Const references with and without type conversion - why feature type conversion at all? - C++

Question

I began learning C++ this week, and currently I am reading about compound types and constant variables. Unlike in most cases, references to const support type conversion by creating a temporary variable. But if so, then what's the difference in behaviour between:

int i = 42;
double di = 42;

and

int i = 42;
const double &di = 42;

Don't we end up with two independent variables that can end up having different values if we try to change i? Is the only difference that in the example with the const reference, the reference cannot be changed? The thing that bugs me the most is that when the types of a non-const variable and a const ref match, the reference points to the same address in memory and changes along with the change in the original variable, whereas this does not happen for a non-typematching const ref to a non-const variable:

#include <iostream>

int main() {
    int i = 42;
    const int &ri = i;
    const double &dri = i;
    
    ++i;
    std::cout << " at " << &i << ", " << ri << " at "
              << &ri << ", " << dri << " at " << &dri << std::endl;

    int j = i;
    int jj = ri;
    int djj = dri;
    std::cout << j << " at " << &j << ", " << jj << " at "
              << &jj << ", " << djj << " at " << &dri << std::endl;
    return 0;
}

Output:

43 at %Address1%, 43 at %Address1%, 42 at %Address2%
43 at %Address3%, 43 at %Address4%, 42 at %Address2%

This seems to me like a major difference in behavior that is easy to overlook from simply looking at the syntax, on top of the fact that such behavior seems counter-intuitive to the entire idea of references. Also, why does jj is allocated a separate space, but not djj, which references the same address as dri?

Answer 1

Let's say you have a function of the form:

void foo(double const& d);

And now, let's say you have a float somewhere. And you want to pass that to this function via foo(f);. If a T const& could not bind to any object convertible to T, then this wouldn't work. Every user of this function that don't have a double would have to do foo(static_cast<double>(f)) or an equivalent.

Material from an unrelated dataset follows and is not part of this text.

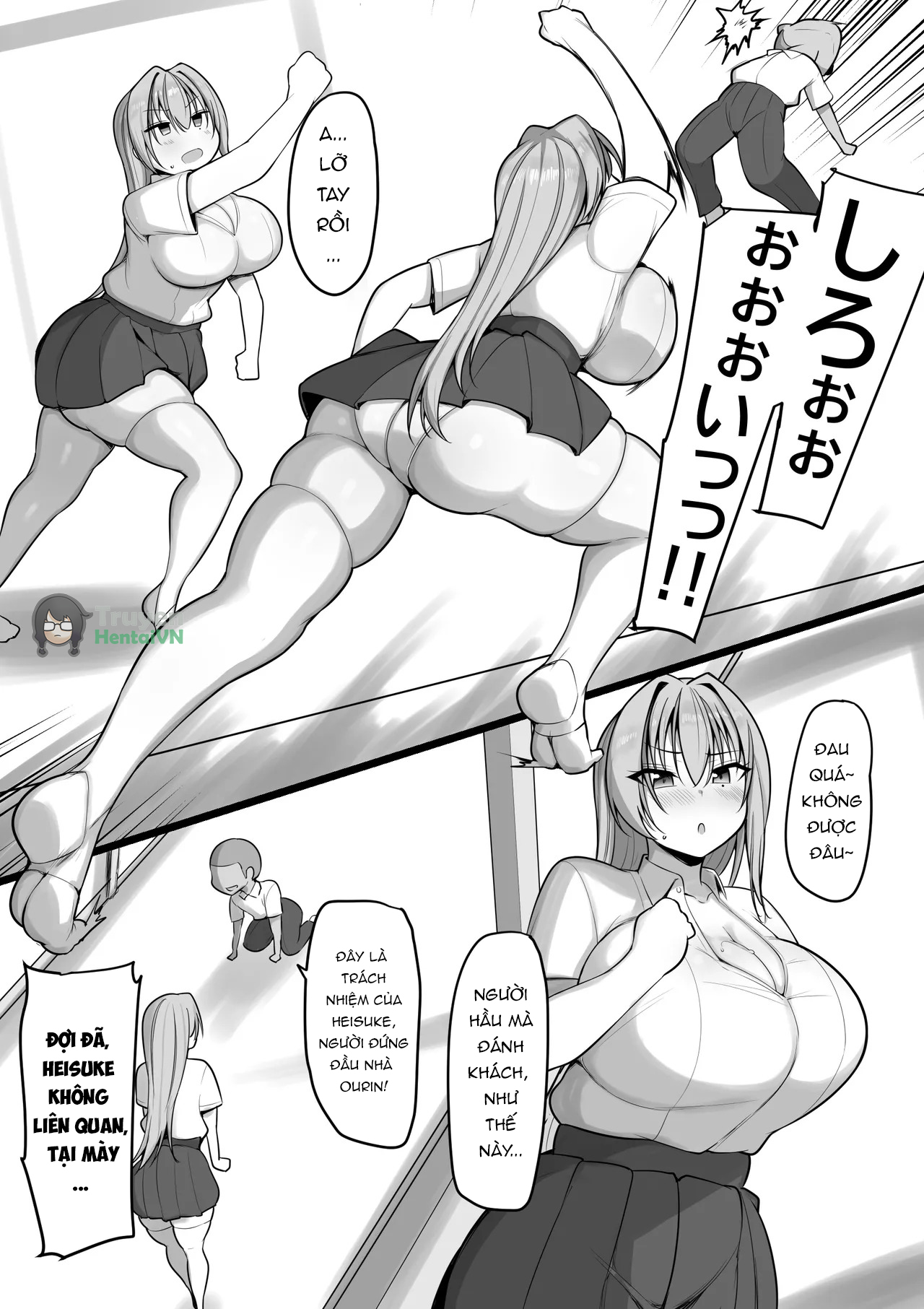 Đọc truyện hentai Boku no Juusha-tachi Oneshot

You might say that maybe foo should take double by value. And for double specifically, maybe it should.

But what about if it's std::string, and I want to call foo("some string"). Well, "some string" is not a std::string; it is a string literal which is convertible to std::string. So we allow that conversion.

Again, you might say that it should take the string by value. But what about the cases when the caller really does have a std::string? They'd have to copy that string, a copy that is discarded and is therefore unnecessary.

Of course, C++'s rules should be uniform. So if we want this to work for function arguments&parameters, it also has to work for named variables. But even then, it could be useful. You might call a function that you expect to return a string of some form, but aren't especially picky about which form. Just so long as it is convertible to a std::string. This might be in template code:

template<typename T>
void foo(T t)
{
  std::string const& data = t.get_a_string();
}

Do you really care if get_a_string returns std::string exactly, or just some string type convertible to std::string? Probably the latter.